(RECORDS)
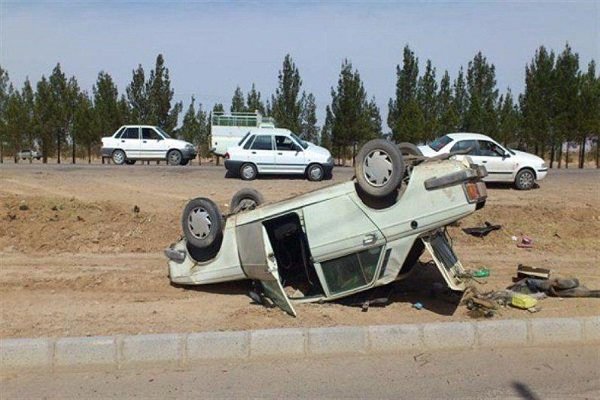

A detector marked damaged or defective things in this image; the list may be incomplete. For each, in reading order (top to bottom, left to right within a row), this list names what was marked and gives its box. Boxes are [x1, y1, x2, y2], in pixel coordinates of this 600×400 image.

damaged vehicle roof [164, 139, 488, 318]
crashed vehicle [165, 139, 488, 314]
overturned white car [165, 141, 488, 316]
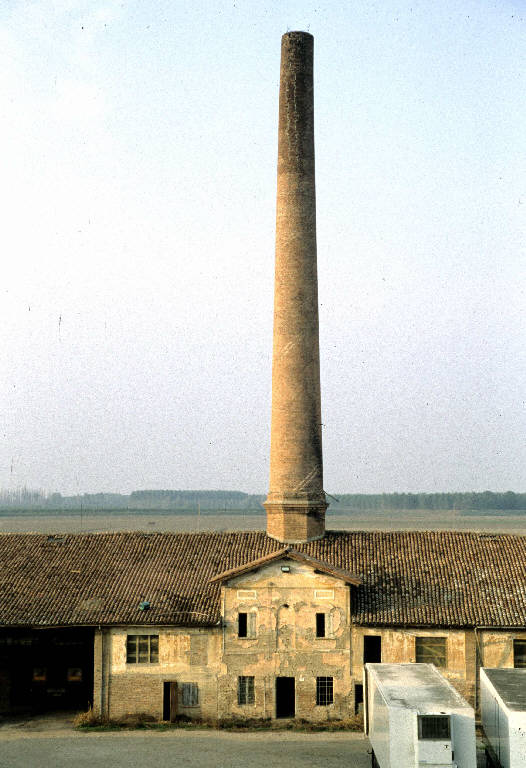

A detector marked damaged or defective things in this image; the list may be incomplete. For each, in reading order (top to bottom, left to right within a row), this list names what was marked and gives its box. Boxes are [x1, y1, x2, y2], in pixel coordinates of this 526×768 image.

broken window [238, 608, 256, 640]
broken window [127, 632, 160, 664]
broken window [416, 636, 450, 664]
broken window [180, 684, 199, 708]
broken window [239, 676, 256, 704]
broken window [318, 680, 334, 708]
broken window [420, 712, 454, 736]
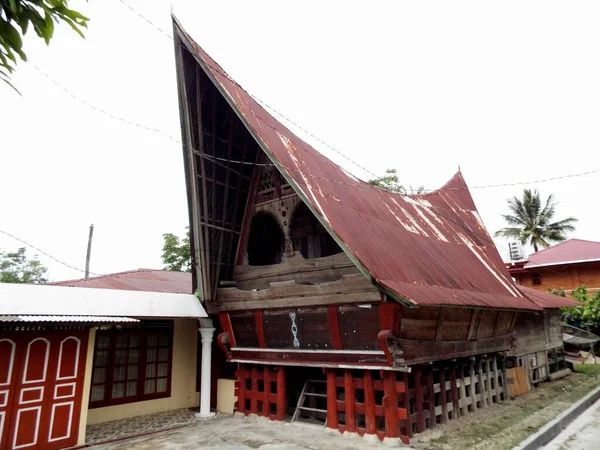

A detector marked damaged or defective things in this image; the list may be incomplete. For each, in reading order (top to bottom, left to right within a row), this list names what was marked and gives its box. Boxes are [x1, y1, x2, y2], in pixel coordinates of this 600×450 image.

rusted roof panel [175, 19, 544, 312]
rusted roof panel [51, 270, 193, 296]
rusted roof panel [520, 288, 580, 310]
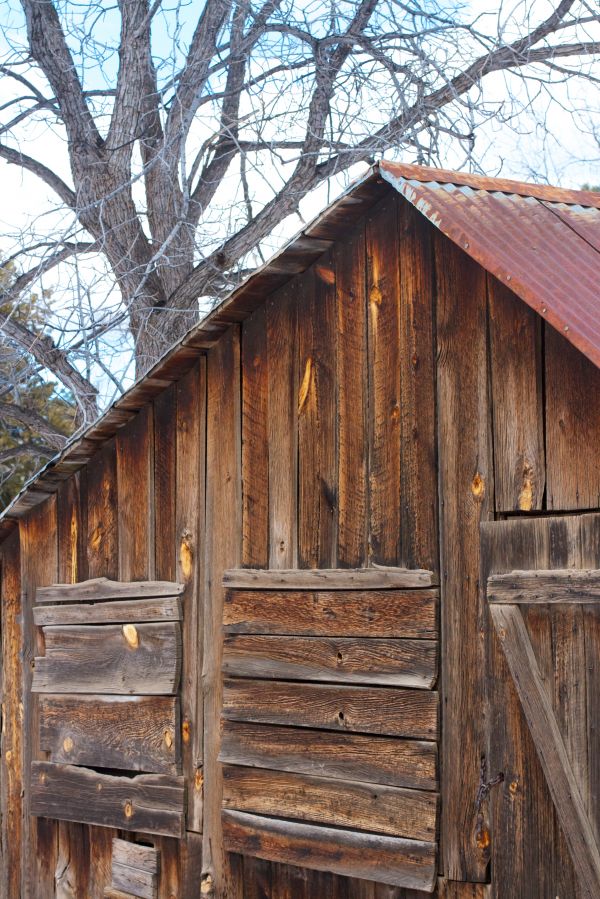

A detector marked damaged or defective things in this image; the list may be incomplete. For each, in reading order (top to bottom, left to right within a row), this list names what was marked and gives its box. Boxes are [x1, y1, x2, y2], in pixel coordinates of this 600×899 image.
(End RECORDS)
### EXERCISE INSTRUCTIONS
Each of the records above needs to be transcribed exactly, apart from its pictures.

### WRITTEN REPLY
A detector marked damaged or defective things in this image; the list may be incomplete. For each, in reading order (top to bottom, left to right within a row), this list names what was marked and gives its box. Boxes are [x1, y1, x2, y2], in pixel coordinates of this 600×400 image.

damaged vehicle roof [164, 139, 488, 318]
crashed vehicle [165, 139, 488, 314]
overturned white car [165, 141, 488, 316]

A detector marked damaged or defective things in this image; the list may be incomplete. For each, in reading order (top to bottom, left to right within a row), this list names what was marked and gives its box. Boxes are [x1, y1, x2, y2], in pixel coordinates of this 526×768 image.

broken window [238, 608, 256, 640]
broken window [127, 632, 160, 664]
broken window [416, 636, 450, 664]
broken window [180, 684, 199, 708]
broken window [239, 676, 256, 704]
broken window [318, 680, 334, 708]
broken window [420, 712, 454, 736]

A detector marked damaged or defective things in this image; the list may be incomplete. For each, in reading order (top to bottom, left to right within a row), this list names what was marked and gives its box. Boxes are [x1, y1, x2, y2], in pixel coordinates of this 600×450 image.

rusted roof panel [175, 19, 544, 312]
rusted roof panel [51, 270, 193, 296]
rusted roof panel [520, 288, 580, 310]

A detector marked damaged or defective things in this image; the list may be incomplete. For each, in reading order (top to bottom, left to right within a row), this list names what was marked and gives its box. Boxes are [x1, y1, x2, y2], in pixel coordinates of this 600×899 image.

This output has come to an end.